Lexi -06
„Also Ball zwischen den Vorderpfoten, die Stellung ‚PLATZ‘ eingenommen und den Hals und Kopf auf den Ball gelegt?“ frage ich präzisierend.
„Ja, genauso!“ meint sie.
„Die Geste ist eindeutig. Sie bedeutet ‚MEINS‘. Wenn du die gleiche Stellung einnimmst und ich nähere mich dir, hast du zwei Möglichkeiten der Reaktion: Erstens, du knurrst. Damit warnst du mich davor, dir das Spielzeug abzunehmen. Du hältst den Besitzanspruch aufrecht! Oder Zweitens, du stehst hinten auf, bleibst aber vorne tief unten. Du streckst als quasi den Hintern in die Luft.

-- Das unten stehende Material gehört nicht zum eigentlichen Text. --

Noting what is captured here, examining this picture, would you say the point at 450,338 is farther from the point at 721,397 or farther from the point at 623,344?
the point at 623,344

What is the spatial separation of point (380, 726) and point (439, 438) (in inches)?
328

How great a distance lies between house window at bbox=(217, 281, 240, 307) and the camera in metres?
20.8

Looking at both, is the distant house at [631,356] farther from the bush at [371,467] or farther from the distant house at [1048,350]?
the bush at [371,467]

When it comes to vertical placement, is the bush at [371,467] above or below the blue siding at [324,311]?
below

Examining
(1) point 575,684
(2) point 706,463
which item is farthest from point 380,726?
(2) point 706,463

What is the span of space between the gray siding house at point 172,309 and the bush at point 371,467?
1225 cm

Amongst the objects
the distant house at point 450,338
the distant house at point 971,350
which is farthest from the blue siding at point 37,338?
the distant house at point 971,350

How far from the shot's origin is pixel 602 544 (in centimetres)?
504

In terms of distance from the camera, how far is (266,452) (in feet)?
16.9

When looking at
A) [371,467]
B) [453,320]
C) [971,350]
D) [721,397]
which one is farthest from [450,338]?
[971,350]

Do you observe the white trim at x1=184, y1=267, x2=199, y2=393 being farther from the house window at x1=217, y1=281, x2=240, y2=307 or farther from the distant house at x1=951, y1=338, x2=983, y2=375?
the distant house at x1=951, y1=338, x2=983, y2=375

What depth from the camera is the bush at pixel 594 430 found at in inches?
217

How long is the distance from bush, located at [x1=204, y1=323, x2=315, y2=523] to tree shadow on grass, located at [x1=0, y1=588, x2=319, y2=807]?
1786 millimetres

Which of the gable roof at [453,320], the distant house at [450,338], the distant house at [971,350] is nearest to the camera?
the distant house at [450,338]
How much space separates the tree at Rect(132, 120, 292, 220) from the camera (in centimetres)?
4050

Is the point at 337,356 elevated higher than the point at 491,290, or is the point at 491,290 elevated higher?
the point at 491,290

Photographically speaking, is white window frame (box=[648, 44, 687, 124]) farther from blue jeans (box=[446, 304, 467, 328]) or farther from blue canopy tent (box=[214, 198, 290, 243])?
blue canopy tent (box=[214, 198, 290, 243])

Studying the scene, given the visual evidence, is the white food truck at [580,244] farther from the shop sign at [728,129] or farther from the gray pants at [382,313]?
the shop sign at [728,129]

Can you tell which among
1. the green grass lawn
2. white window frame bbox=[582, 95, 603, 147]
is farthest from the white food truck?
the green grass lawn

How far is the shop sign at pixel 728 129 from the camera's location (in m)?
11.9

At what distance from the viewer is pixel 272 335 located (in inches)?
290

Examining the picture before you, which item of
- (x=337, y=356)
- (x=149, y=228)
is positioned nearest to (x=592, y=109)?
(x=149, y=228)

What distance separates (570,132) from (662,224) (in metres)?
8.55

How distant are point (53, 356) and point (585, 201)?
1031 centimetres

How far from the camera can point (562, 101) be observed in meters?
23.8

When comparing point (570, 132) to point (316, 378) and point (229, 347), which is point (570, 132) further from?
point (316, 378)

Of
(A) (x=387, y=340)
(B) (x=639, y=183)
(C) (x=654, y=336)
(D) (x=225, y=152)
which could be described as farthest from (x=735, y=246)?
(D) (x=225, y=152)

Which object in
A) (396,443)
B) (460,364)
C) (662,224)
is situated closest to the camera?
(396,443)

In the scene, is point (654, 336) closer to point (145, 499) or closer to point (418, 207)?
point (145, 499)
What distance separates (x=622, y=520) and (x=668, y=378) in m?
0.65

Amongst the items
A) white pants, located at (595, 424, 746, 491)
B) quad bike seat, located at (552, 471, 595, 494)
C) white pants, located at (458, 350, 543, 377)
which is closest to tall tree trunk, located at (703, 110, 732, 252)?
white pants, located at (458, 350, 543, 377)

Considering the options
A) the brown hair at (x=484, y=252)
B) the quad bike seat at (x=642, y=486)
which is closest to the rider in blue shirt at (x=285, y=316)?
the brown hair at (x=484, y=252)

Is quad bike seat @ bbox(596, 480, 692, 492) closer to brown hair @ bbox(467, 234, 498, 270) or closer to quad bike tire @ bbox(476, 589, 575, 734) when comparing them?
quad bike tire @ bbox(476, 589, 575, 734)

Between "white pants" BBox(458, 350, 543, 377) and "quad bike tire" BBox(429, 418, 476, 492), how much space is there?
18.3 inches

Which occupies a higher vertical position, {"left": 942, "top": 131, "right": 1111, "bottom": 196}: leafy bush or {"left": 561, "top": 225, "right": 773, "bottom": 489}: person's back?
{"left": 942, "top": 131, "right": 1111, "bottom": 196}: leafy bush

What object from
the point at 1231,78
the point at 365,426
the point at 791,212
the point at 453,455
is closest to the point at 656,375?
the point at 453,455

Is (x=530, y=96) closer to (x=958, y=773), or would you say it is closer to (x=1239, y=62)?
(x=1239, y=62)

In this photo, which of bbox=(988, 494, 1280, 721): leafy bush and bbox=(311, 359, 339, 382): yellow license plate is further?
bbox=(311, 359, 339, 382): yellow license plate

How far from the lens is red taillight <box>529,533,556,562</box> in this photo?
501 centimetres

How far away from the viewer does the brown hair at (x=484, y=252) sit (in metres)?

Diese Geste nennt man die Spielverbeugung. In dieser Situation wäre es eine Spielaufforderung an mich. Das bedeutet, du müsstest den Ball freigeben, entweder damit ich danach greifen kann, oder indem du den Ball wegstößt und es zu einem ‚Nachlaufen‘ kommt.“
„Okay, aber wie knurre ich?“
„Versuche einmal beim Einatmen ein Schnarchgeräusch zu erzeugen und beim Ausatmen ein rollendes ‚R‘. Dann irgendwie ein Mittelding zwischen beidem…“
Sie knurrt mich nun an, als ich einen Schritt auf sie zu mache. Ich lächele und mache einen weiteren Schritt. Nun kommt sie mit ihrem Hintern hoch. Noch ein Schritt näher und sie kommt auch vorne hoch. Dabei stößt sie den Ball weg, der nun allerdings unter die Couch rollt und dort steckenbleibt.
Ich strecke die Hand aus und streiche ihr durchs Haar.

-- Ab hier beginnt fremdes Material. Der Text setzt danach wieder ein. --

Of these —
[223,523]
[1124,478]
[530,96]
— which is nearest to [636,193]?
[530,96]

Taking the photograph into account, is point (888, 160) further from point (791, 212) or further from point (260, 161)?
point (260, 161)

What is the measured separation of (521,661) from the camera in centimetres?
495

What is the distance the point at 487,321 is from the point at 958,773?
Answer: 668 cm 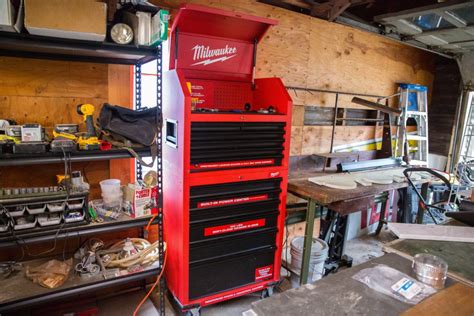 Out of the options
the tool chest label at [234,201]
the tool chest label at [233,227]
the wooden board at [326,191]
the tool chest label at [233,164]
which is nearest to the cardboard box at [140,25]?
the tool chest label at [233,164]

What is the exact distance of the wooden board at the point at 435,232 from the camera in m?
1.43

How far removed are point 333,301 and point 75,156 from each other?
1.29m

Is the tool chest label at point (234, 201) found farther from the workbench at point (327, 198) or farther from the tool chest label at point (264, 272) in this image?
the tool chest label at point (264, 272)

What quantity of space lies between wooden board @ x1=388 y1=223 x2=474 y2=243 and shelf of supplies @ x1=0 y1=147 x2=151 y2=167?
4.37ft

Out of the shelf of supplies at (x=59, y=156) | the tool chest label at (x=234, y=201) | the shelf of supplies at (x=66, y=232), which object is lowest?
the shelf of supplies at (x=66, y=232)

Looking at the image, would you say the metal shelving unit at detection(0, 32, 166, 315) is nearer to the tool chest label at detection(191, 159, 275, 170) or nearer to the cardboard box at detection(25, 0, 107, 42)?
the cardboard box at detection(25, 0, 107, 42)

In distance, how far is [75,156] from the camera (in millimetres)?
1511

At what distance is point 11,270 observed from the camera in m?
1.71

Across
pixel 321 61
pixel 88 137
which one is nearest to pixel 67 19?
pixel 88 137

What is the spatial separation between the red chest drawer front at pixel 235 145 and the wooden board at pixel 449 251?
2.95 feet

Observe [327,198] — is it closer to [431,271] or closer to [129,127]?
[431,271]

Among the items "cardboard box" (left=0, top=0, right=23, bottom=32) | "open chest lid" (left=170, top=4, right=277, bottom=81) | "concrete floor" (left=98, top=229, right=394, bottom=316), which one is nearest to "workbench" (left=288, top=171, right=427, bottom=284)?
"concrete floor" (left=98, top=229, right=394, bottom=316)

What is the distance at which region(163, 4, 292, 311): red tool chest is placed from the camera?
179 cm

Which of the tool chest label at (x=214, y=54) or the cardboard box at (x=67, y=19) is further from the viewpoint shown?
the tool chest label at (x=214, y=54)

„Das war für den Anfang sehr gut, Alex‘ – oder besser: ‚Lexi‘. Als Hund solltest du ja ‚Lexi‘ heißen.“
Ich beuge mich zu der Couch hinunter und hebe sie an, damit ‚Lexi‘ den Ball mit einer Pfote anstoßen und darunter hervorholen kann. Sie nimmt das Angebot wahr und stößt den Ball unter der Couch hervor. Ich stelle die Couch wieder hin und versuche nun ihr den Ball abzujagen, was mir nicht recht gelingen will. Das reizt uns beide zum Lachen.
Schließlich habe ich ihn doch mit dem Fuß gestoppt und mich hinunter gebeugt, um ihn aufzunehmen. Dafür muss ich zwei Rempler von Lexi inkaufnehmen.

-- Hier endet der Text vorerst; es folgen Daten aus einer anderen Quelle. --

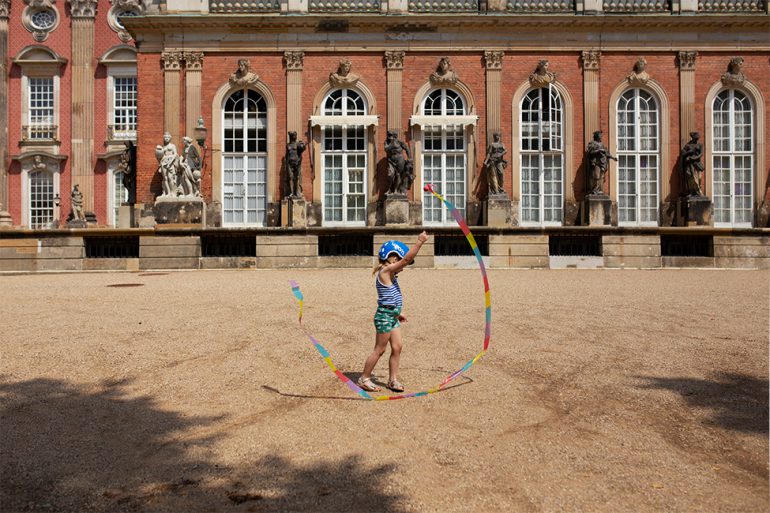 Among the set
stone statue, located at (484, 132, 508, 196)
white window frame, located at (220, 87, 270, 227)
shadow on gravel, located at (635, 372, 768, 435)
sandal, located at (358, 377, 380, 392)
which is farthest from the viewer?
white window frame, located at (220, 87, 270, 227)

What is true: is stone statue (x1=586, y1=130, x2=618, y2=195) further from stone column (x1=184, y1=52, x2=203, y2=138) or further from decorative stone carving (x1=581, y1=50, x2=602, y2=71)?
stone column (x1=184, y1=52, x2=203, y2=138)

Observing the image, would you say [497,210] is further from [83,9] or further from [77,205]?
[83,9]

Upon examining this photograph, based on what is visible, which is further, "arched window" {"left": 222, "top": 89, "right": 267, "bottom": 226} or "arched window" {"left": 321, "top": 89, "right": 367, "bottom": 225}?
"arched window" {"left": 222, "top": 89, "right": 267, "bottom": 226}

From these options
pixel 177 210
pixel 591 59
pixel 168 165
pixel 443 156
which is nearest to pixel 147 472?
pixel 177 210

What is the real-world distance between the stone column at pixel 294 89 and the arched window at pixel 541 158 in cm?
787

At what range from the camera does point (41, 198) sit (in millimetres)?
33531

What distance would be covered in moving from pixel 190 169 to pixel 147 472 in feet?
60.3

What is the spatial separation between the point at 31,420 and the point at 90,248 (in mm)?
15917

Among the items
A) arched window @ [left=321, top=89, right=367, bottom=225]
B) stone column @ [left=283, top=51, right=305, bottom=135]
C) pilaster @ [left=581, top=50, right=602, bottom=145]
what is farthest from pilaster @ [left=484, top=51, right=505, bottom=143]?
stone column @ [left=283, top=51, right=305, bottom=135]

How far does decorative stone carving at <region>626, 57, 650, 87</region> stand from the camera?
2236cm

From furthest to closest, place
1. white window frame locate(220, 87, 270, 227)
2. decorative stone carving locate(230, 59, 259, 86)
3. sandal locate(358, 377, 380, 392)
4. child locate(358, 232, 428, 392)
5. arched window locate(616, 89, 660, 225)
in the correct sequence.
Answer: arched window locate(616, 89, 660, 225), white window frame locate(220, 87, 270, 227), decorative stone carving locate(230, 59, 259, 86), sandal locate(358, 377, 380, 392), child locate(358, 232, 428, 392)

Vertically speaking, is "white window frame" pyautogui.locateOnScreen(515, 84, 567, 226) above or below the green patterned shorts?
above

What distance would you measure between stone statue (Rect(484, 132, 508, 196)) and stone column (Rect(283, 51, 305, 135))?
260 inches

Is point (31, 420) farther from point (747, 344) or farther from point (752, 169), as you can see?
point (752, 169) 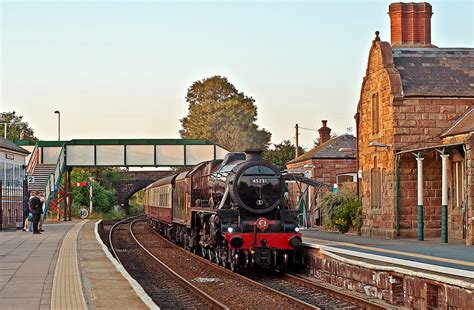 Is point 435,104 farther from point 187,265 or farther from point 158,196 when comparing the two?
point 158,196

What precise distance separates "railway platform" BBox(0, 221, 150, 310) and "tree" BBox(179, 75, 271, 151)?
49.3 meters

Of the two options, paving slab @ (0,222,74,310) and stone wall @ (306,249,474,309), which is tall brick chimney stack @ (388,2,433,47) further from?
stone wall @ (306,249,474,309)

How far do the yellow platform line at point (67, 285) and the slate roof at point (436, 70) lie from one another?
12292mm

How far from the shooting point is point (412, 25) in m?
29.8

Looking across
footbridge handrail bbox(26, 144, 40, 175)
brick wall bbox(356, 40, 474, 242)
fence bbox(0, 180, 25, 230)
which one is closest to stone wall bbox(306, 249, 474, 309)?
brick wall bbox(356, 40, 474, 242)

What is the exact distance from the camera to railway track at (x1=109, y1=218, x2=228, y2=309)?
45.5ft

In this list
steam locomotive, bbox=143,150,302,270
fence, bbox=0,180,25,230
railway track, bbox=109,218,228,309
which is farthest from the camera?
fence, bbox=0,180,25,230

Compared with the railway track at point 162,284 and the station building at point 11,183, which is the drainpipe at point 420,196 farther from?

Danach setze ich mich auf die Couch und nehme ein Lakritzstück einer bekannten Firma in die Hand und zeige Lexi beides, das Lakritzstück und den Ball. Sie macht unschlüssig einen Schritt auf mich zu. Ich werfe den Ball in eine Zimmerecke, wo er vom Schrank abprallt und einen halben Meter rollt.
Anschließend sage ich „HOL!“ und drehe die Hand mit dem Lakritz, so dass sie es nicht mehr sieht. Noch einmal sage ich:
„Na, Lexi. HOL den Ball!“
Sie läuft dorthin und treibt den Ball mit kurzen Pfotenstößen in meine Richtung, bis er mir vor die Füße rollt.
Ich lächele und gebe ihr das Lakritz, weil sie den Hals danach lang macht. Trotzdem sage ich:
„Hier im Zimmer kannst du so etwas machen. Sollten wir einmal draußen spielen, wäre es gut, wenn du das Teil mit dem Mund aufnimmst und mir bringst, zwischen deine Zähne geklemmt. Dann bekommst du das Lakritz oder irgendein anderes Leckerlie im Austausch gegen das Spielzeug!“
„Achso,“ meint sie dazu.
„Du hast sicher bei Toscha, damals als sie noch lebte, beobachtet, dass sie verschiedene Gesten immer wieder einmal gezeigt hat. Damit sprechen die Hunde zu uns! Wenn du nun als Lexi eine Hündin spielst, solltest du dich möglichst genauso verhalten,“ meine ich zu ihr und erkläre: „Da wir gerade gespielt haben…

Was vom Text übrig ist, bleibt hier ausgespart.